TO DO: In the copy, include no images, and repeat each entry precisely as written.

(Dataset entries)
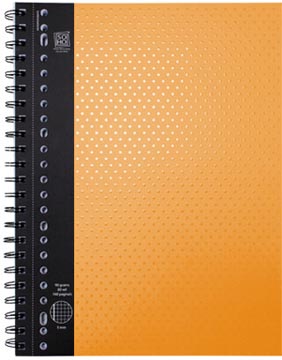 college bloc coll a4 q10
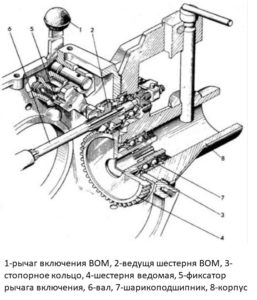 Вал отбора мощности мотоблока МТЗ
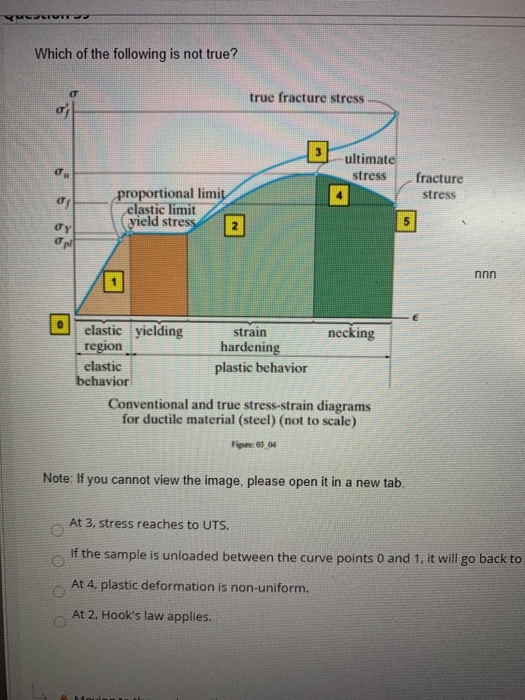 Solved The Figure Given Below Shows The Pb Sn Binary Phase Chegg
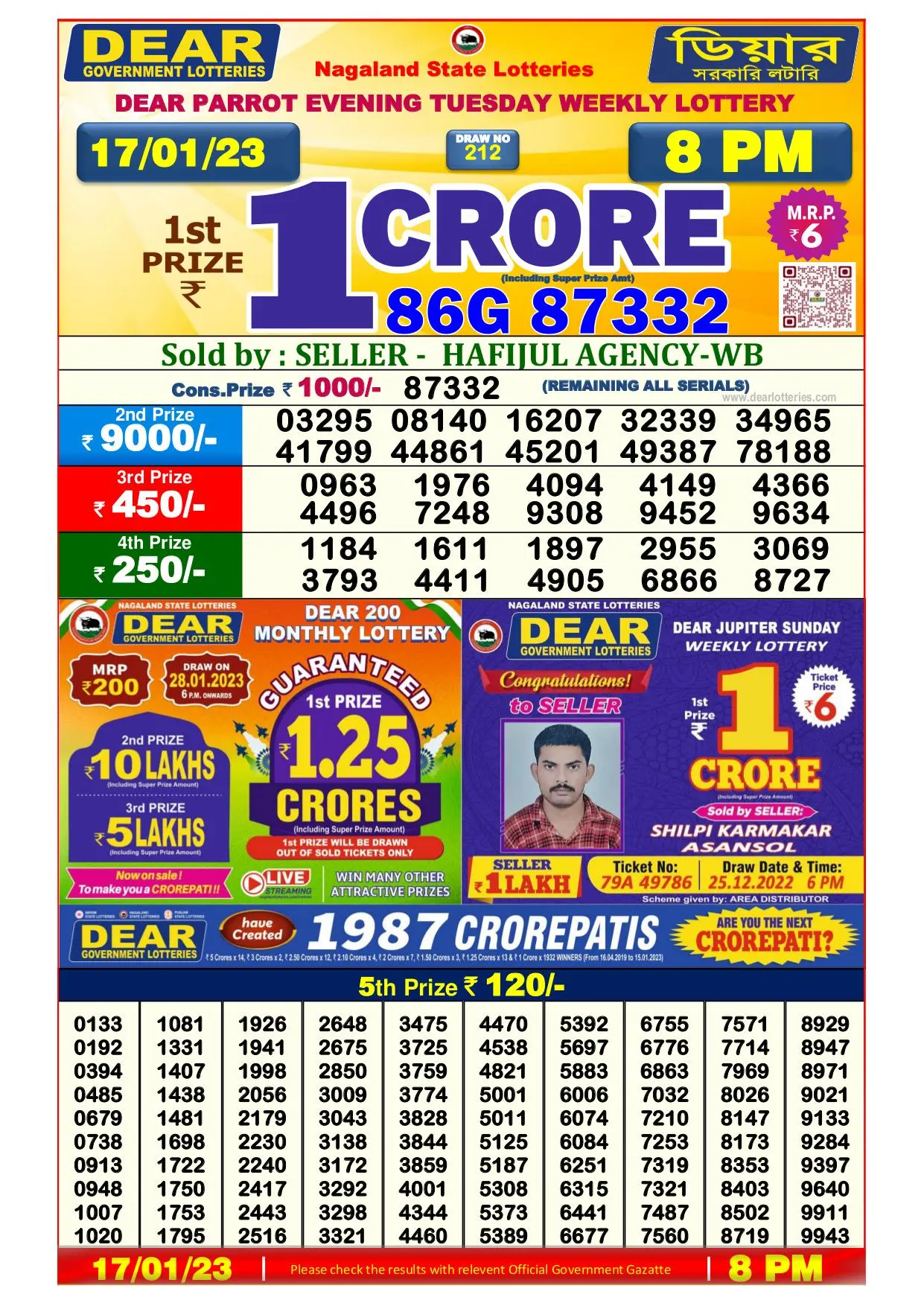 Dhankesari Result 8:00 PM Lottery Sambad Evening 17.1.2023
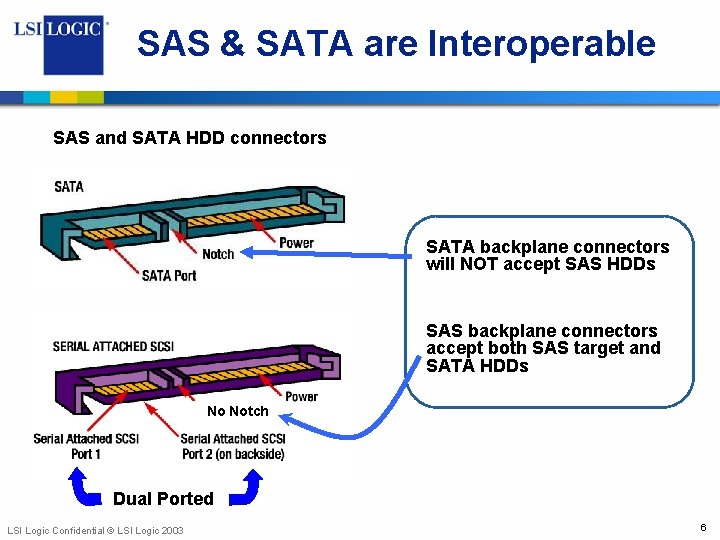 SAS & SATA are Interoperable SAS and SATA HDD connectors SATA backplane connectors will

OUTPUT:
 college bloc coll a4 q10
 Вал отбора мощности мотоблока МТЗ
 Solved The Figure Given Below Shows The Pb Sn Binary Phase Chegg
 Dhankesari Result 8:00 PM Lottery Sambad Evening 17.1.2023
 SAS & SATA are Interoperable SAS and SATA HDD connectors SATA backplane connectors will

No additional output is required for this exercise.